* Data for this task
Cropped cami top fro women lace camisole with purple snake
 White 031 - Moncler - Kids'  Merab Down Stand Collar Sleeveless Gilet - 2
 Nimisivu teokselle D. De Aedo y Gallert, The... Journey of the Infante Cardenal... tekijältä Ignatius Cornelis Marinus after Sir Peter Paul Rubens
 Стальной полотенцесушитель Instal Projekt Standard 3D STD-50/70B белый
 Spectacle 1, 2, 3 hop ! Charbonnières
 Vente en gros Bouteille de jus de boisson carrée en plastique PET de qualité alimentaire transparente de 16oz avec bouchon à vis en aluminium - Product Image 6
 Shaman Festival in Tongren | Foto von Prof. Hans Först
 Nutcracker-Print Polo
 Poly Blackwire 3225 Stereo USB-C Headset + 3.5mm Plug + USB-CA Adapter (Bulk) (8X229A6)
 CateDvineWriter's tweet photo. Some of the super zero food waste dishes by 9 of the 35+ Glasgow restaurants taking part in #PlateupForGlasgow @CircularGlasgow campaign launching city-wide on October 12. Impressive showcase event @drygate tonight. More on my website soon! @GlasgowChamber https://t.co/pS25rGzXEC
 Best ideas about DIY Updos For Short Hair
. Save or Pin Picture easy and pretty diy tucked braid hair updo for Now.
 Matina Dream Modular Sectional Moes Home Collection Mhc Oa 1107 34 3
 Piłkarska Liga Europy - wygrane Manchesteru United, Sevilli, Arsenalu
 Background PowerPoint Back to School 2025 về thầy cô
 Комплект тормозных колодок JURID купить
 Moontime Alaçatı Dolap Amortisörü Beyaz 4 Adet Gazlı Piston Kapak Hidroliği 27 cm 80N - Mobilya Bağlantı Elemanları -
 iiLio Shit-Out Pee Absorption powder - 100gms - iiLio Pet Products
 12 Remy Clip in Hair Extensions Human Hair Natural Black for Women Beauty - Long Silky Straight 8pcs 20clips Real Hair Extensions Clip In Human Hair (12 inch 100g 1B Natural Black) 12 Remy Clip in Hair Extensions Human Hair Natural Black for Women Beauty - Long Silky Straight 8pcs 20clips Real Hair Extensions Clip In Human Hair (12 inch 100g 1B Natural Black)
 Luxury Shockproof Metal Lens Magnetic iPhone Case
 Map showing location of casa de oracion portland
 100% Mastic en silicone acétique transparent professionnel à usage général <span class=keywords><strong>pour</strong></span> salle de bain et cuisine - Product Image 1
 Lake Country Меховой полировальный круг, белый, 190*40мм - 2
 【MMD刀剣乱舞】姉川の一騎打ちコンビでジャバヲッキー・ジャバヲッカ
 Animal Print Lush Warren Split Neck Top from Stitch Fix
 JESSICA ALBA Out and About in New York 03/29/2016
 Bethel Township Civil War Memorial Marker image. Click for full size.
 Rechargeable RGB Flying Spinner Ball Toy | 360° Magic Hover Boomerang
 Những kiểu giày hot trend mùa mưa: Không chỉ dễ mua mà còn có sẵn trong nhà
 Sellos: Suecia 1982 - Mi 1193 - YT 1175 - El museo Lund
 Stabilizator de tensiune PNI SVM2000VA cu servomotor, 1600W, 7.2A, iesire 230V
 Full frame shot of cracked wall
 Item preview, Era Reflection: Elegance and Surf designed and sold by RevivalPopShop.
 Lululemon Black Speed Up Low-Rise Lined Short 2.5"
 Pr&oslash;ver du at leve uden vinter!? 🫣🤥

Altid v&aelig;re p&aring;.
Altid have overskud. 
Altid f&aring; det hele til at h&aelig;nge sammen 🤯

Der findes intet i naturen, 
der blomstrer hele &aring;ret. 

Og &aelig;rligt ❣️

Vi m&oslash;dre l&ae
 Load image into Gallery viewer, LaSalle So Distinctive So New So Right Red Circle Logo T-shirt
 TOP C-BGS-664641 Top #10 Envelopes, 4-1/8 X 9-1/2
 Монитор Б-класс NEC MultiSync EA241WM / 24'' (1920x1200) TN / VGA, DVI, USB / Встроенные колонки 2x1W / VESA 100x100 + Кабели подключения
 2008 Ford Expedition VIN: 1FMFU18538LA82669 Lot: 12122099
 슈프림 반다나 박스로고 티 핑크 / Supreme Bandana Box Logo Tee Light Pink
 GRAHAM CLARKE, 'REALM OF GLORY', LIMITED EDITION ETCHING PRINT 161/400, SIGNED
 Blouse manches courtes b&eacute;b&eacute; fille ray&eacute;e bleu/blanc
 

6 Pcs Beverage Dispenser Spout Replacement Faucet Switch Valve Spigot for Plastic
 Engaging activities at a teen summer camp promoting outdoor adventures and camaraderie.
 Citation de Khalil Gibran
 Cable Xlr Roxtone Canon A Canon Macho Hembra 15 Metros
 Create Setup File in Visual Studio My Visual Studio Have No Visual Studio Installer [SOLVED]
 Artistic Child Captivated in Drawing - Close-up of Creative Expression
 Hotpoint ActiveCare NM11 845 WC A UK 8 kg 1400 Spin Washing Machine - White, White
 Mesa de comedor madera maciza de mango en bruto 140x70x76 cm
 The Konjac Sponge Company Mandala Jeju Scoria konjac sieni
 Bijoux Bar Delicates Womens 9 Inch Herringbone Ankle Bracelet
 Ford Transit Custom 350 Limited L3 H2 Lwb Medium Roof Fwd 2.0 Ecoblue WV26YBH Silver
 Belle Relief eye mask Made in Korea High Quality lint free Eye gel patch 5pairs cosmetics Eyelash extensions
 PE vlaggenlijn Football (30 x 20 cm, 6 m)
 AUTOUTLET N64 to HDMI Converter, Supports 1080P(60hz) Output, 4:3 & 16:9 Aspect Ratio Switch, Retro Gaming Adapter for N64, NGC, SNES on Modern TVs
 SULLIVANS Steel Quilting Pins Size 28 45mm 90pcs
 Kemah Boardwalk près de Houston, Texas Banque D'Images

* Exercise aim
Set down each entry again, exactly as written.

* Response to this task
Cropped cami top fro women lace camisole with purple snake
 White 031 - Moncler - Kids'  Merab Down Stand Collar Sleeveless Gilet - 2
 Nimisivu teokselle D. De Aedo y Gallert, The... Journey of the Infante Cardenal... tekijältä Ignatius Cornelis Marinus after Sir Peter Paul Rubens
 Стальной полотенцесушитель Instal Projekt Standard 3D STD-50/70B белый
 Spectacle 1, 2, 3 hop ! Charbonnières
 Vente en gros Bouteille de jus de boisson carrée en plastique PET de qualité alimentaire transparente de 16oz avec bouchon à vis en aluminium - Product Image 6
 Shaman Festival in Tongren | Foto von Prof. Hans Först
 Nutcracker-Print Polo
 Poly Blackwire 3225 Stereo USB-C Headset + 3.5mm Plug + USB-CA Adapter (Bulk) (8X229A6)
 CateDvineWriter's tweet photo. Some of the super zero food waste dishes by 9 of the 35+ Glasgow restaurants taking part in #PlateupForGlasgow @CircularGlasgow campaign launching city-wide on October 12. Impressive showcase event @drygate tonight. More on my website soon! @GlasgowChamber https://t.co/pS25rGzXEC
 Best ideas about DIY Updos For Short Hair
. Save or Pin Picture easy and pretty diy tucked braid hair updo for Now.
 Matina Dream Modular Sectional Moes Home Collection Mhc Oa 1107 34 3
 Piłkarska Liga Europy - wygrane Manchesteru United, Sevilli, Arsenalu
 Background PowerPoint Back to School 2025 về thầy cô
 Комплект тормозных колодок JURID купить
 Moontime Alaçatı Dolap Amortisörü Beyaz 4 Adet Gazlı Piston Kapak Hidroliği 27 cm 80N - Mobilya Bağlantı Elemanları -
 iiLio Shit-Out Pee Absorption powder - 100gms - iiLio Pet Products
 12 Remy Clip in Hair Extensions Human Hair Natural Black for Women Beauty - Long Silky Straight 8pcs 20clips Real Hair Extensions Clip In Human Hair (12 inch 100g 1B Natural Black) 12 Remy Clip in Hair Extensions Human Hair Natural Black for Women Beauty - Long Silky Straight 8pcs 20clips Real Hair Extensions Clip In Human Hair (12 inch 100g 1B Natural Black)
 Luxury Shockproof Metal Lens Magnetic iPhone Case
 Map showing location of casa de oracion portland
 100% Mastic en silicone acétique transparent professionnel à usage général <span class=keywords><strong>pour</strong></span> salle de bain et cuisine - Product Image 1
 Lake Country Меховой полировальный круг, белый, 190*40мм - 2
 【MMD刀剣乱舞】姉川の一騎打ちコンビでジャバヲッキー・ジャバヲッカ
 Animal Print Lush Warren Split Neck Top from Stitch Fix
 JESSICA ALBA Out and About in New York 03/29/2016
 Bethel Township Civil War Memorial Marker image. Click for full size.
 Rechargeable RGB Flying Spinner Ball Toy | 360° Magic Hover Boomerang
 Những kiểu giày hot trend mùa mưa: Không chỉ dễ mua mà còn có sẵn trong nhà
 Sellos: Suecia 1982 - Mi 1193 - YT 1175 - El museo Lund
 Stabilizator de tensiune PNI SVM2000VA cu servomotor, 1600W, 7.2A, iesire 230V
 Full frame shot of cracked wall
 Item preview, Era Reflection: Elegance and Surf designed and sold by RevivalPopShop.
 Lululemon Black Speed Up Low-Rise Lined Short 2.5"
 Pr&oslash;ver du at leve uden vinter!? 🫣🤥

Altid v&aelig;re p&aring;.
Altid have overskud. 
Altid f&aring; det hele til at h&aelig;nge sammen 🤯

Der findes intet i naturen, 
der blomstrer hele &aring;ret. 

Og &aelig;rligt ❣️

Vi m&oslash;dre l&ae
 Load image into Gallery viewer, LaSalle So Distinctive So New So Right Red Circle Logo T-shirt
 TOP C-BGS-664641 Top #10 Envelopes, 4-1/8 X 9-1/2
 Монитор Б-класс NEC MultiSync EA241WM / 24'' (1920x1200) TN / VGA, DVI, USB / Встроенные колонки 2x1W / VESA 100x100 + Кабели подключения
 2008 Ford Expedition VIN: 1FMFU18538LA82669 Lot: 12122099
 슈프림 반다나 박스로고 티 핑크 / Supreme Bandana Box Logo Tee Light Pink
 GRAHAM CLARKE, 'REALM OF GLORY', LIMITED EDITION ETCHING PRINT 161/400, SIGNED
 Blouse manches courtes b&eacute;b&eacute; fille ray&eacute;e bleu/blanc
 

6 Pcs Beverage Dispenser Spout Replacement Faucet Switch Valve Spigot for Plastic
 Engaging activities at a teen summer camp promoting outdoor adventures and camaraderie.
 Citation de Khalil Gibran
 Cable Xlr Roxtone Canon A Canon Macho Hembra 15 Metros
 Create Setup File in Visual Studio My Visual Studio Have No Visual Studio Installer [SOLVED]
 Artistic Child Captivated in Drawing - Close-up of Creative Expression
 Hotpoint ActiveCare NM11 845 WC A UK 8 kg 1400 Spin Washing Machine - White, White
 Mesa de comedor madera maciza de mango en bruto 140x70x76 cm
 The Konjac Sponge Company Mandala Jeju Scoria konjac sieni
 Bijoux Bar Delicates Womens 9 Inch Herringbone Ankle Bracelet
 Ford Transit Custom 350 Limited L3 H2 Lwb Medium Roof Fwd 2.0 Ecoblue WV26YBH Silver
 Belle Relief eye mask Made in Korea High Quality lint free Eye gel patch 5pairs cosmetics Eyelash extensions
 PE vlaggenlijn Football (30 x 20 cm, 6 m)
 AUTOUTLET N64 to HDMI Converter, Supports 1080P(60hz) Output, 4:3 & 16:9 Aspect Ratio Switch, Retro Gaming Adapter for N64, NGC, SNES on Modern TVs
 SULLIVANS Steel Quilting Pins Size 28 45mm 90pcs
 Kemah Boardwalk près de Houston, Texas Banque D'Images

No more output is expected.